START The data
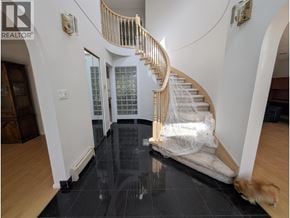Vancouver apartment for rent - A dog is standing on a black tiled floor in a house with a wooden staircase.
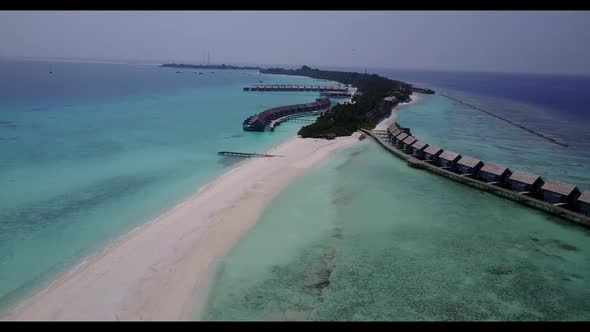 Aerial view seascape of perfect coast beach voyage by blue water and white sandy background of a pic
END The data
START The data
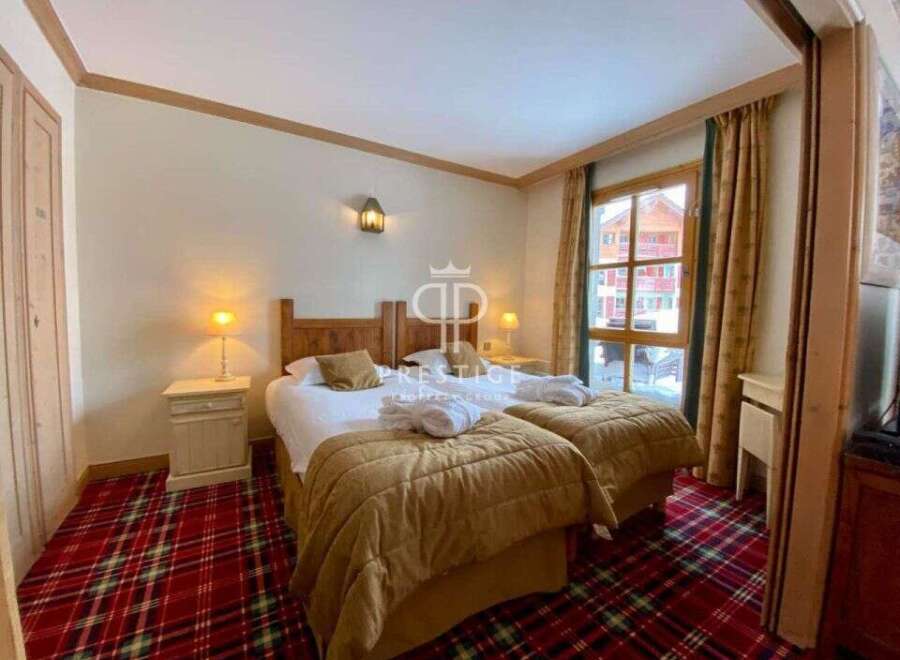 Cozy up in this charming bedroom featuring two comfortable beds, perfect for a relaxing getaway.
END The data
Working from the entries above, please transcribe only the lines from the line with "Vancouver apartment for" through the line with "Aerial view seascape", exactly, with both end lines and without pictures.

Vancouver apartment for rent - A dog is standing on a black tiled floor in a house with a wooden staircase.
 Aerial view seascape of perfect coast beach voyage by blue water and white sandy background of a pic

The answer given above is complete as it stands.